En cuanto llego es evidente que desencajo tanto por mi vestimenta, así como por mi físico. Me pregunto qué tanto tiempo y dinero habrá invertido esta gente en su cuerpo antes de estas vacaciones, es imposible de ignorar: mujeres con cintura bien definida, hombres y jóvenes musculosos y atléticos. Todos (corrijo, al menos la mitad) son atractivos. Tal vez no siempre deberían creerme porque, aunque la persona no sea exactamente una modelo o un fisicoculturista, siempre analizo todo, y siempre que veo algo que tienen y yo no, me derrumbo. Soy un chico de apenas 16 años en ruina emocional, todo gracias a la baja autoestima y a la envidia subyacente que amenaza con correrme.
Me retiro antes de que la depresión se apodere de mí.
Aunque ya he dejado atrás las albercas, noto punzadas en las palmas de las manos, tal parece que no me fui a tiempo; los sentimientos negativos empiezan a fluir. Les pongo un alto.
El sol ya se ha ocultado detrás de ese inmenso mar, sin embargo, el cielo todavía tiene esos débiles colores que tanto me relajan. Mis padres me llaman por teléfono y me avisan que iremos a cenar con unos amigos esta noche. En realidad, no los conozco, pero son amigos de mis padres así que no tengo más remedio que ir. Eso sí, antes me ducho y me visto para la ocasión, aunque es Cancún, o sea puedes andar como se te dé la gana. Elijo unos pantalones de mezclilla y una camisa manga corta de cuadros rojos y azules. Aunque me cueste admitirlo, me queda bien. Casi no uso ropa tan casual; siempre estoy vistiendo mis chalecos, mis camisas, corbatines y pantalones de vestir para ir a la escuela. Por eso verme en algo diferente que me sienta bien me fortalece. Trato de aferrarme a eso.

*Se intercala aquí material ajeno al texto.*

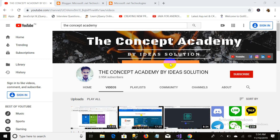Bismillahirrahmanirrahim, assalamualaikum. This is Salman Masood and you are watching the Concept Academy by Idea Search. This is the second part of our video series of ASP.NET Core, and in this video we will discuss about file and folder structure in ASP.NET Core MVC.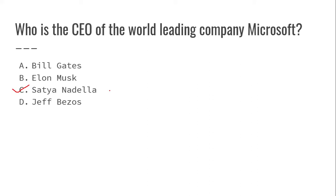Who is the CEO of the leading company Microsoft? Satya Nadella is the present CEO.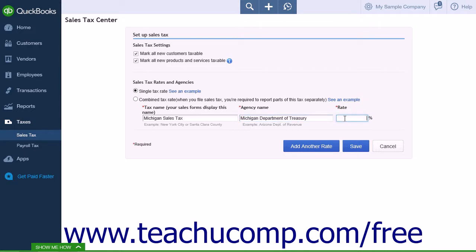The final option is Rate. This is where you will enter the numerical sales tax rate. If you have more than one sales tax rate in your location, simply click the Add Another Rate button to continue the process. When you are finished entering your information, click the Save button to save and close the page.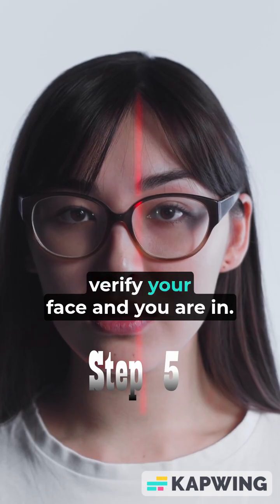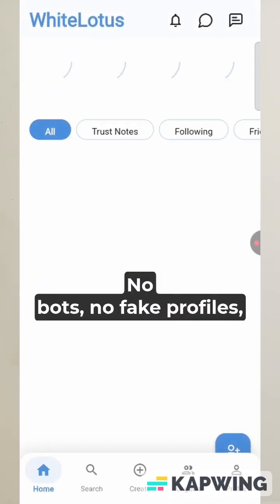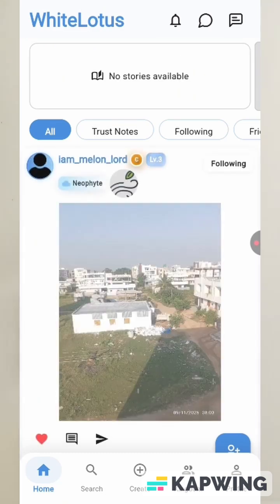Step five: verify your face and you are in. No bots, no fake profiles, no scams.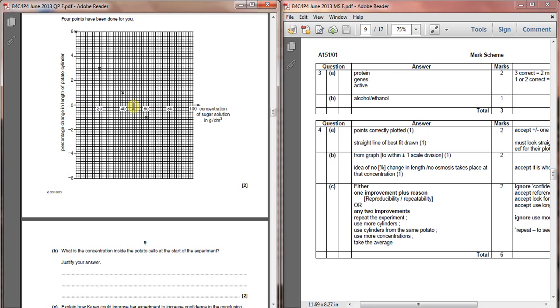They will give you the marks for as long as your line of best fit crosses where you've said. It says, take the result from the graph. So wherever you drew your line of best fit, where it crosses this zero line is the concentration of sugar in the potato.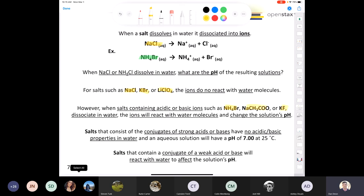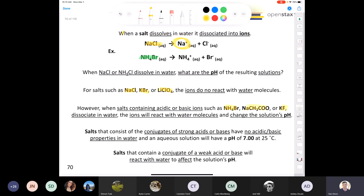Going back to conjugate acid-base relationships: strong acids have weak conjugate bases, and weak acids have strong conjugate bases. Salts consisting of conjugates of strong acids and strong bases don't change pH — the solution stays at 7. That's why table salt (NaCl) doesn't affect pH: sodium is from NaOH (a strong base), and chloride is the conjugate base of HCl (a strong acid), so neither affects pH. For ammonium bromide, ammonium is the conjugate acid of ammonia (a weak base), so ammonium is strong enough to affect pH, while bromide (conjugate base of HBr) is too weak to matter.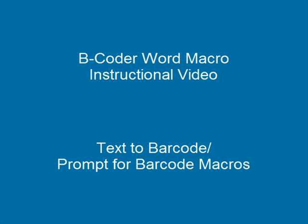This video is designed to show you how to use the text-to-barcode and the prompt-for-barcode macros that are installed in Microsoft Word by the Bcoder macro installer.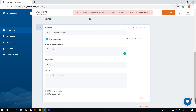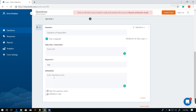If the signature is required for confirmation or authentication purposes, you may state your attestation here. For example, 'I hereby confirm that I have participated in this survey.'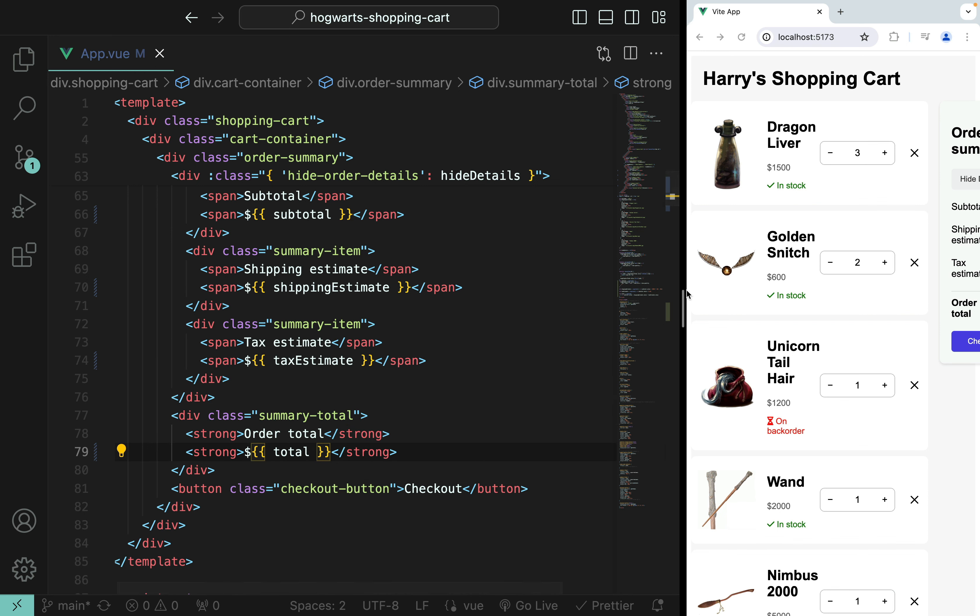Let me push this branch to GitHub. In the next video, let's talk about Vue watchers. See you there!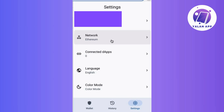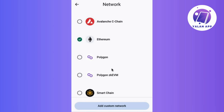And once you're in the settings, look for the networks option. This is usually in there with all the good stuff, so just click on it. Here comes the cool part! Inside the networks option, you will see a list of options representing different networks.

—¿A dónde iremos? —pregunto a mi padre.
—A su casa. Ellos pasarán a buscarnos.
—Son amigos de hace tiempo. Tienen un hijo, casi de tu edad —agrega mi madre.

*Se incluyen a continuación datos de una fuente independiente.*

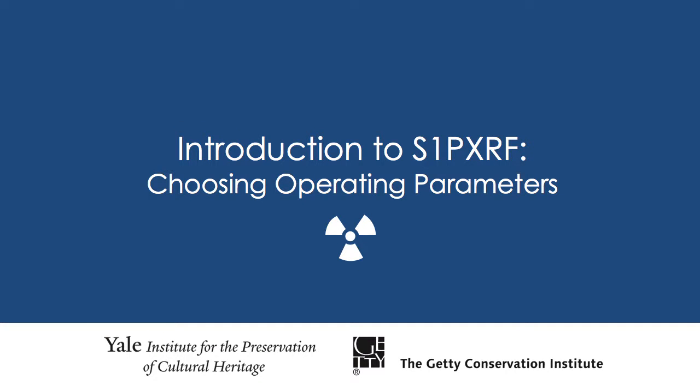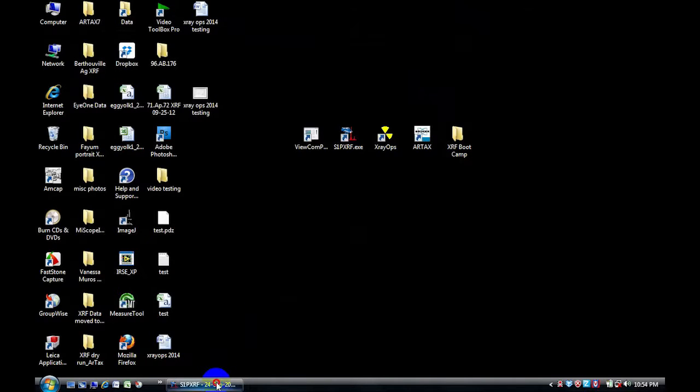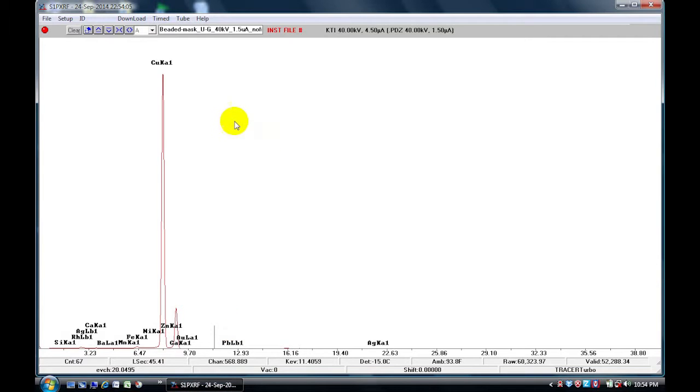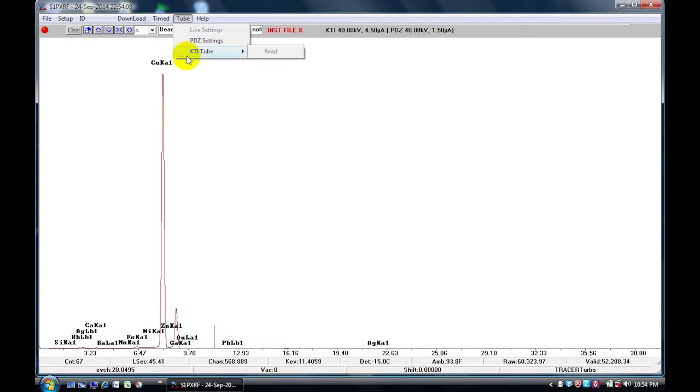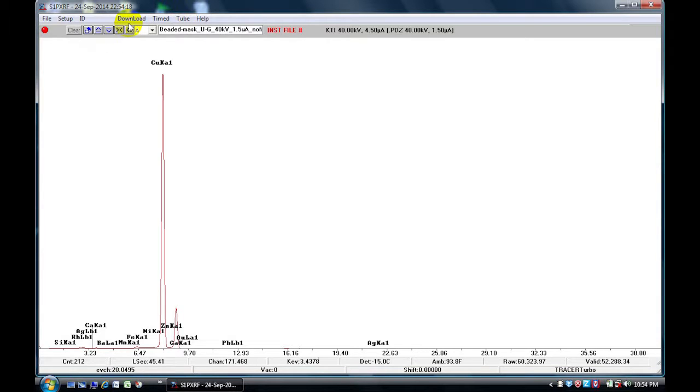And now we are ready to start the S1PXRF software. Double click on the shortcut. Now if you go to tube and KTI tube you will notice that the read is grayed out, it's not activated. Also notice that we have a red button. So the software is not ready yet.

—En diez minutos debemos estar afuera —anuncia mi padre viendo el reloj que porta en la muñeca.
Transcurridos los diez minutos estamos en la parte exterior del hotel, en la banqueta, esperando, mientras la fresca brisa del cercano mar nos acaricia las caras.
Es de noche, pero está tan iluminado que casi no lo parece. Al cabo de cinco minutos llega un hombre en un carro rojo. Mis padres lo saludan (y yo obviamente también lo hago, pero a mi discreta manera). Durante el trayecto a su casa, me quedo con partes de la conversación: su nombre es Pedro García. Trabaja en el mantenimiento de piscinas (algo muy útil en esta zona, por lo cual me imagino gana bien). Mis padres lo conocieron hace varios años, cuando solo mi padre trabajaba. Mi padre le hizo no sé qué favor y tiempo después (cuando yo tenía como tres años) Pedro le brindó su ayuda para encontrar un buen hotel. Han mantenido el contacto.
Al llegar a la casa me doy cuenta que tal vez Pedro no gane tan bien como yo suponía. Vive con su esposa y su hijo en un apartamento no muy grande. Como sea, a una persona no se le juzga por cuánto dinero tenga.
Lo importante es que nos la pasamos bien. Su esposa es muy agradable y su hijo también. Mi padre en especial se interesa por el muchacho, que tiene unos catorce años. Platican mucho juntos de no sé qué mientras la comida se sirve. Mi madre ayuda a la anfitriona a servir la mesa, platicando como guacamaya. Por otra parte, Pedro trata de hacerme plática a la cual respondo lo mejor que puedo. Miro a la familia. No son muy altos. Morenos, con rasgos de esta zona y un acento muy sureño. El muchacho que tanto habla con papá mide lo mismo que yo, es moreno y con orejas un poco prominentes. Aun así, a mi padre le agrada.
Solamente espero que yo también sea agradablepara mis anfitriones.